Adult children who grew up in homes where mom brought men home or outside men stayed over regularly, how did/does this effect you?

My parents split when I was young. Had a nasty divorce, court made me choose. I decided Dad because I wanted to stay with my school friends, not because I loved him more. Devastated her, and I felt terrible for hurting her like that. They both also have used each other in anger, and to ridicule me, and I feel like that pushed my self esteem down a lot. Also tearing each other down made me trust them and others less, and I'm pretty shy and reserved as an adult.

Fast forward past 9/11, dad's gone to war, and I move in with her. She has a new boyfriend and Blonde hair. Felt weird and he wasn't fatherly, but no skin off my back. He ended up having a second family, so she ditched him. Another man was white and seemed sort of racist. She always dated 'powerful' men - doctor, pilot, lawyer, six figure CEO, Special Forces soldier... She was/is beautiful, and I think that's why a lot of them were interested in the first place, but nothing ever stuck. In the end they liked the idea of one another, never the reality.

I hope she finds love, but nearing 60 doubt it. I think she's okay with that though. As we age the need for sex lessens, companionship, someone to just talk to and share with - what the rich/powerful never gave - it's a tougher selll. She's always been strong and independent, and I think besides having her own faults, she's not willing to settle and so won't be happy with anyone.

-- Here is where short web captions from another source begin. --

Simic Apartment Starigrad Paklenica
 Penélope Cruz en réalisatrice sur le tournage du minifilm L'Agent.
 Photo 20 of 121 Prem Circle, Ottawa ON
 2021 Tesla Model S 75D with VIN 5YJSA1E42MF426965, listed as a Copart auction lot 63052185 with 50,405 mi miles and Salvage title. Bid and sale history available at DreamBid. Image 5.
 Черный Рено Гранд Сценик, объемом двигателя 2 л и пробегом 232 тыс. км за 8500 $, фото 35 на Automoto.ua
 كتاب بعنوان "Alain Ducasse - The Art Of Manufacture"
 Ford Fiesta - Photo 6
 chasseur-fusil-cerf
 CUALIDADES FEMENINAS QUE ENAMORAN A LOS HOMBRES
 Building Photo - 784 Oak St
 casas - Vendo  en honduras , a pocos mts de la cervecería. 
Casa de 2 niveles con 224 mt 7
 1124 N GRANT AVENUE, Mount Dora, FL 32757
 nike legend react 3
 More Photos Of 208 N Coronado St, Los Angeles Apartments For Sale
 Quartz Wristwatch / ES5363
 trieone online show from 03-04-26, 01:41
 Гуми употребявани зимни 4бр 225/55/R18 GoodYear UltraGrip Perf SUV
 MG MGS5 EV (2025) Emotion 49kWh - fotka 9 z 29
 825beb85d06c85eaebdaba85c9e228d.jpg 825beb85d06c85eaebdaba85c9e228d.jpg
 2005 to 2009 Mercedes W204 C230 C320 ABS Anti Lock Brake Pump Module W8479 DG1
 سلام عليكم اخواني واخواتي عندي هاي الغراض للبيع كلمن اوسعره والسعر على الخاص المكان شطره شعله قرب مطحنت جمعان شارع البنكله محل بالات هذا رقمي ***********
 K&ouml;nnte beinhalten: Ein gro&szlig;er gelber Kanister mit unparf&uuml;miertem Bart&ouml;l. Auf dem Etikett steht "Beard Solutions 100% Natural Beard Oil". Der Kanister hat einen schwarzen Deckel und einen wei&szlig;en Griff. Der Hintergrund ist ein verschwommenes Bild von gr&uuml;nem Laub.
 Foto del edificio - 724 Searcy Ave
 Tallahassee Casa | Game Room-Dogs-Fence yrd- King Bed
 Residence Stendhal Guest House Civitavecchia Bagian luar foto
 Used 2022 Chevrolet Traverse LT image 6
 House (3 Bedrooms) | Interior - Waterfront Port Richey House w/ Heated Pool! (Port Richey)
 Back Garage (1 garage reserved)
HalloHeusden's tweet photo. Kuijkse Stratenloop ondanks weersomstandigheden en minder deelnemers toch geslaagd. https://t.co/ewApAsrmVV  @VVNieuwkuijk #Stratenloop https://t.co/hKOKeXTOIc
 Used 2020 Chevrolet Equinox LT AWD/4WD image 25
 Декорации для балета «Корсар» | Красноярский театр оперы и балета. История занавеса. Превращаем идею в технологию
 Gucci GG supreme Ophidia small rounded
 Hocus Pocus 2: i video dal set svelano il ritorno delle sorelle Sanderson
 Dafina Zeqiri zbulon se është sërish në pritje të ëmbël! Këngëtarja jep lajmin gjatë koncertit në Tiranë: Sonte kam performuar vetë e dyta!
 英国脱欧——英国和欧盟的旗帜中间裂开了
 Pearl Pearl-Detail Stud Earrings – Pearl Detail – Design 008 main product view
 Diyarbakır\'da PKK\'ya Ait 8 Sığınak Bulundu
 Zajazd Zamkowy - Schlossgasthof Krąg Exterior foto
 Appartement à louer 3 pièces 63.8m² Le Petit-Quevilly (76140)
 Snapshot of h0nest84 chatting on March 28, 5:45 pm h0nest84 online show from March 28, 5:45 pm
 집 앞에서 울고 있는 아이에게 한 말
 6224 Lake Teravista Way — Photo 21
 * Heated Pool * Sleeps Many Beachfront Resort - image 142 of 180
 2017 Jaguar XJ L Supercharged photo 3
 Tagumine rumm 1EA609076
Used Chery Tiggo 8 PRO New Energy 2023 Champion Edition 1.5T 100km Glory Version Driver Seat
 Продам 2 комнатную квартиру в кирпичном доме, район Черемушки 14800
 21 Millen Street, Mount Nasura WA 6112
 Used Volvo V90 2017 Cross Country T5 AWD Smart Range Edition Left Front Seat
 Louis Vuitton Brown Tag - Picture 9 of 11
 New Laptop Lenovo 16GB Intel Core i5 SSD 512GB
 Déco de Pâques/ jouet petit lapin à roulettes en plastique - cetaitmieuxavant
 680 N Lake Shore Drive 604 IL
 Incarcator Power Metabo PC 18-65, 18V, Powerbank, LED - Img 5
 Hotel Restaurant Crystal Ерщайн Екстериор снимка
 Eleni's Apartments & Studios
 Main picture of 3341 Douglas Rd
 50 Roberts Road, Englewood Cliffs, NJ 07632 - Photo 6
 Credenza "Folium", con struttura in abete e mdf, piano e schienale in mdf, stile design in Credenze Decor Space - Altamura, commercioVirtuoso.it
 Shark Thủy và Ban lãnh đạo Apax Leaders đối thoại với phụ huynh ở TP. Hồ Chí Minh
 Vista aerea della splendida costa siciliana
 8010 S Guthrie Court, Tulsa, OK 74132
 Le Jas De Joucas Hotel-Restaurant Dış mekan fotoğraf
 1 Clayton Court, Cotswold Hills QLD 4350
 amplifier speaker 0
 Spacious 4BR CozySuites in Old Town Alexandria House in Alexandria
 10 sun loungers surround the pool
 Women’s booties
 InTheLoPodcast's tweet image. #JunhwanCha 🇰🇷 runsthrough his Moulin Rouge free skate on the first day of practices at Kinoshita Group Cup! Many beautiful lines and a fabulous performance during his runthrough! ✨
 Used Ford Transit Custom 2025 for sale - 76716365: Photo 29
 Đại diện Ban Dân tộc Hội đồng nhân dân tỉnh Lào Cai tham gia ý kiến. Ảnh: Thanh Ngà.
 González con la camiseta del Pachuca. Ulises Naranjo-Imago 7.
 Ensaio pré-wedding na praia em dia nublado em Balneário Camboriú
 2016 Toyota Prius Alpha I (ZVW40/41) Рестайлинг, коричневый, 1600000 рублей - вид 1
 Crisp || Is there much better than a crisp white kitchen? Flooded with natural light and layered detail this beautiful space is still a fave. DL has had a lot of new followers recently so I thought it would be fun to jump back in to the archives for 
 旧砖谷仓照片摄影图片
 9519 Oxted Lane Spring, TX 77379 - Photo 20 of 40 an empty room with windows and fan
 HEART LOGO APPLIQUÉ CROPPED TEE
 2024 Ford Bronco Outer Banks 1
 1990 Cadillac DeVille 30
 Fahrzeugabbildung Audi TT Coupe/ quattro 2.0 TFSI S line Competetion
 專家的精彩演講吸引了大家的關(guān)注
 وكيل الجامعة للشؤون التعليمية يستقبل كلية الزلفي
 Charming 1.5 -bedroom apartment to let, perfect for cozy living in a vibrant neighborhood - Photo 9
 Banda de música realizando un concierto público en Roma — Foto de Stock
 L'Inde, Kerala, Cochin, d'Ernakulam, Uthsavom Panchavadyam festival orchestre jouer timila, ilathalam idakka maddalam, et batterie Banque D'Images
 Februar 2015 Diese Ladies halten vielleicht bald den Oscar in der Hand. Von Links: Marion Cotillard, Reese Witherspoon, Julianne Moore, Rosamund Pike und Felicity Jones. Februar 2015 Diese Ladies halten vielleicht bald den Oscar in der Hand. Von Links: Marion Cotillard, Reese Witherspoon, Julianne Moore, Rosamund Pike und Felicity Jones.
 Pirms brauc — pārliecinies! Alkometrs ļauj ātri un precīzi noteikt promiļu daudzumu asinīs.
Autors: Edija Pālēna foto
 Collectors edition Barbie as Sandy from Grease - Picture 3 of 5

Maybe all her relationships effected me by seeing the shit she dealt with, and her own reactions. Some Men were just assholes....very caught up in this idea of a woman, but not really getting her as a person. Of her not truly letting them know.

As far as sex, drinking? Not my business, so I never worried about it. It's not gross, we're social creatures. She deserves a good lay the same way Ive chased woman, and that doesn't change just because your someone's child OR parent. Seeing her come home crying though, helping take off her earrings when she came home drunk, I learned care is sometimes the little things. Not to judge, just to be there.

My view on women? I'm sure I harbor some cracks, warts or faults. I'm only a man. I will say I try to look for the best, be fair, but I won't be fooled by a beautiful face. I know woman are just as capable as men at work, education etc.; that means they're just as capable at bieng wrong, sexist, or have their own cracks, warts, and faults. A lot of guys see the opposite sex as some alternate species, but really we're all mentally one bieng.

Hope this answered the question? I'll be here for clarification.